A Weird Imagination

Streams and socket and pipes, oh my

You know, like "lions and tigers and bears, oh my"… okay, not funny, moving on…

The problem#

There's a lot of different ways to transmit streams of bytes between applications on the same host or different hosts with various reasons you might want to use each one. And sometimes the two endpoints might disagree on which one they want to be using.

The solution#

As it turns out, there actually is a single answer to bridging any two byte streams: socat. The documentation has plenty of examples. Here's a few I made up involving named pipes and Unix sockets to go along with my recent posts:

Bridge a pair of named pipes to a Unix socket#

socat UNIX-LISTEN:test.sock 'PIPE:pipe_in!!PIPE:pipe_out'

Builds a bridge such that a client sees a Unix socket test.sock and the server communicates through two named pipes, pipe-in to send data over the socket and pipe_out to read the data received over the socket.

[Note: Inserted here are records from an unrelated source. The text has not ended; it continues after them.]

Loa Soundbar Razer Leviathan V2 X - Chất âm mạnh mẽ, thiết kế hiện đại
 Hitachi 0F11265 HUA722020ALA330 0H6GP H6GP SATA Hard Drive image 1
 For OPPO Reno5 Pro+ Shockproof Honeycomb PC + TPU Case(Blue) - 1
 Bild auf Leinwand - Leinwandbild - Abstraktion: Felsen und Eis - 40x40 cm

Connect to Unix socket HTTP server via TCP#

socat TCP-LISTEN:8042,fork,bind=localhost \
    UNIX-CONNECT:http.sock

For an HTTP server accepting connections via the Unix socket http.sock, makes it also accept connections via the TCP socket localhost:8042.

Forward a Unix socket over an SSH connection#

socat EXEC:"ssh remote 'socat UNIX-CLIENT:service.sock -'" \
    UNIX-LISTEN:proxy-to-remote.sock

Note ssh can do the same without socat (including supporting either side being a TCP port):

ssh -N -L ./proxy-to-remote.sock:./service.sock remote

But that demonstrates combining socat and ssh for getting access to streams only accessible from a remote computer.

The details#

socat vs. nc#

socat describes itself as "netcat++". nc is the name of netcat's binary, which already points you towards a philosophical difference between the two tools: unlike socat verbose options, nc is terse:

$ nc -l -p 1234
# which can also be written with long options:
$ nc --listen --source-port 1234

is approximately equivalent to

$ socat - TCP-LISTEN:1234

Which one you prefer is a matter of taste: it's a lot more obvious at a glance what the socat command does, but the nc command takes up less space and is faster to type. Additionally, socat has a lot of options and is presumably more flexible than nc.

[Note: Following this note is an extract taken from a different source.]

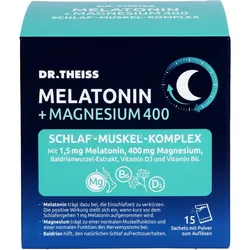 Dr. Theiss Melatonin+magn.400 Schlaf-Muskel-Kompl. 75 G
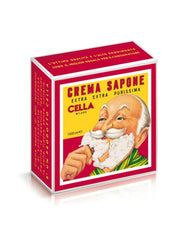 Cella Extra Extra Purissima 1kg shaving soap block with almond scent for rich lather and smooth, traditional shaving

nc has some complicated history resulting in there being multiple forks, so the exact feature set available on a given system may vary. If you're sticking to TCP/UDP, that's supported in the original, but Unix sockets and more obscure protocols like DCCP or SCTP are only available in some verions, so you can't necessarily rely on them being available on an arbitrary machine. (It also doesn't support named pipes explicitly, but shell redirection can handle them.)

As the older tool, nc is more likely to be available on a given system, which may make it preferable for use in scripts which may run a lot of different systems.

SSH forwarding#

While socat does support SSL/TLS for encryption, often it's more convenient to use SSH for encryption instead. As shown in the example above, the two can be combined where appropriate.

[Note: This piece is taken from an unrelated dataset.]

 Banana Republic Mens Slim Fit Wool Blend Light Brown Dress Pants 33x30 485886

ssh offers the -L and -R options for forwarding TCP (or in newer versions also Unix) sockets. The L and R stand for Local or Remote, referring to which side SSH listens on, forwarding those connections to the other side. That is, -L listens to a TCP or Unix socket on the local side and forwards all connections made to that socket to the other one specified for the remote computer, which is presumably already running a service listening for connections. You can find plenty of example usages online, including this StackExchange answer.

Also used in the example above is the other way to forward streams over SSH: standard input/output. When ssh is run with a command as an argument, the standard input/output pipes are forwarded over the SSH connection. In the example above, this is used to effectively tunnel socat through SSH, although it can be used in general to flexibly run any part of any command pipeline on a different computer.